§ **Task details**:
Pictures should be excluded; otherwise, copy every entry exactly.

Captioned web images
════════════════

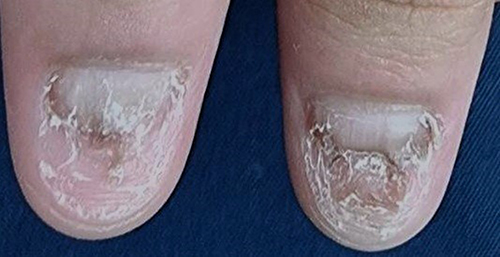 Figure 2 After receiving one PDL treatment, remarkable improvements in the appearance of the nail plate, nail bed, and surrounding skin can be noticed.
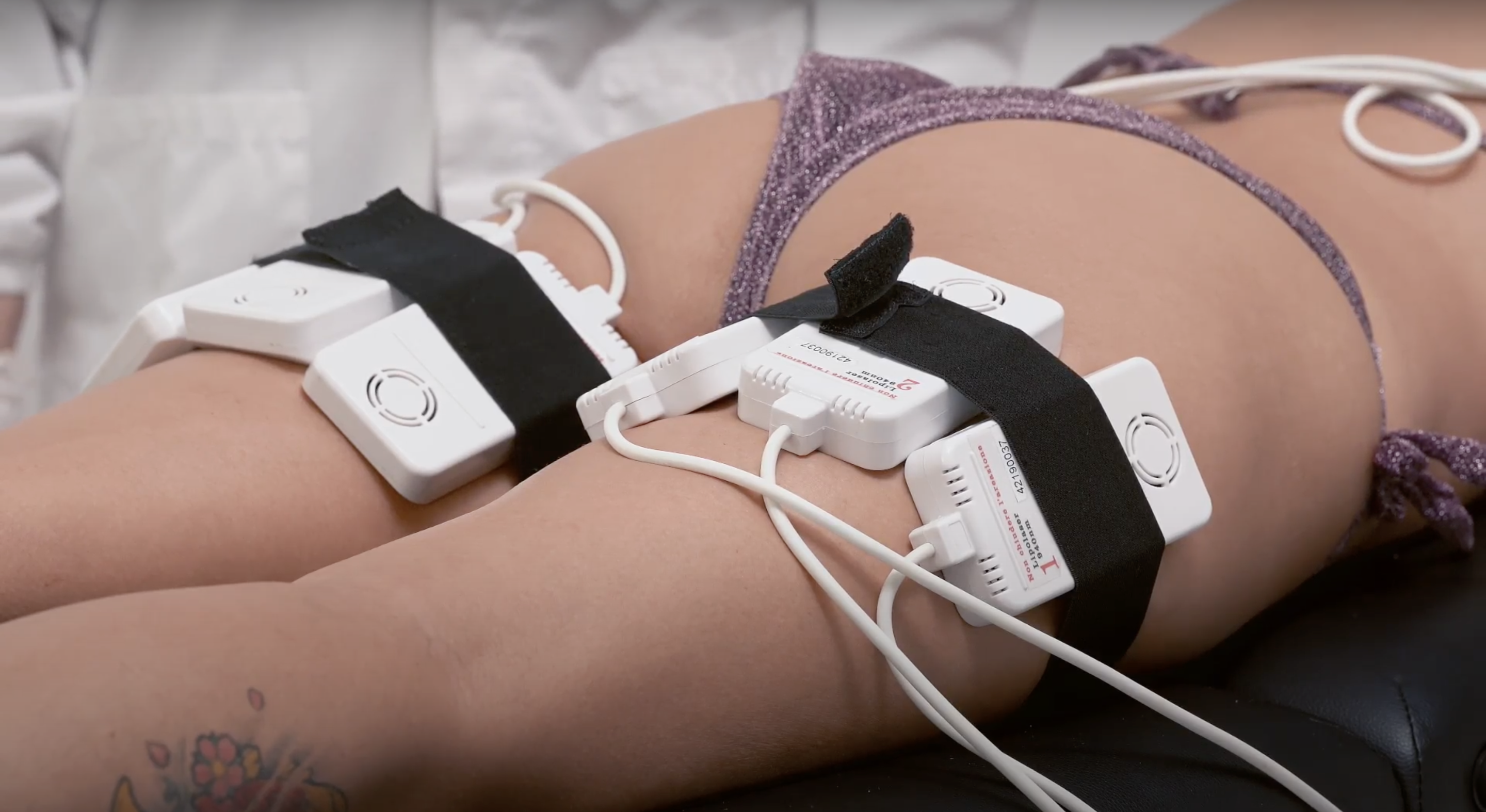 6 o 9 sedute di lipolaser medicale Biomed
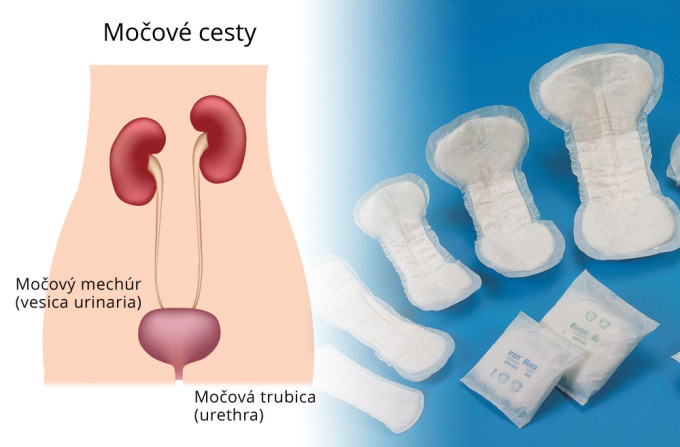 Inkontinencia samovoľnom-unik moci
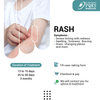 RASH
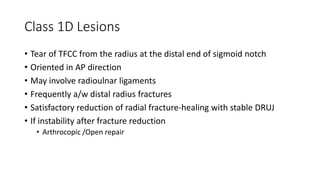 Class 1D Lesions
• Tear of TFCC from the radius at the distal end of sigmoid notch
• Oriented in AP direction
• May involve radioulnar ligaments
• Frequently a/w distal radius fractures
• Satisfactory reduction of radial fracture-healing with stable DRUJ
• If instability after fracture reduction
• Arthrocopic /Open repair
 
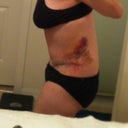 1 wk PO - swelling - scar is low, I just have my grannies pulled down.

════════════════

§ **Response to the task**:
 Figure 2 After receiving one PDL treatment, remarkable improvements in the appearance of the nail plate, nail bed, and surrounding skin can be noticed.
 6 o 9 sedute di lipolaser medicale Biomed
 Inkontinencia samovoľnom-unik moci
 RASH
 Class 1D Lesions
• Tear of TFCC from the radius at the distal end of sigmoid notch
• Oriented in AP direction
• May involve radioulnar ligaments
• Frequently a/w distal radius fractures
• Satisfactory reduction of radial fracture-healing with stable DRUJ
• If instability after fracture reduction
• Arthrocopic /Open repair
 
 1 wk PO - swelling - scar is low, I just have my grannies pulled down.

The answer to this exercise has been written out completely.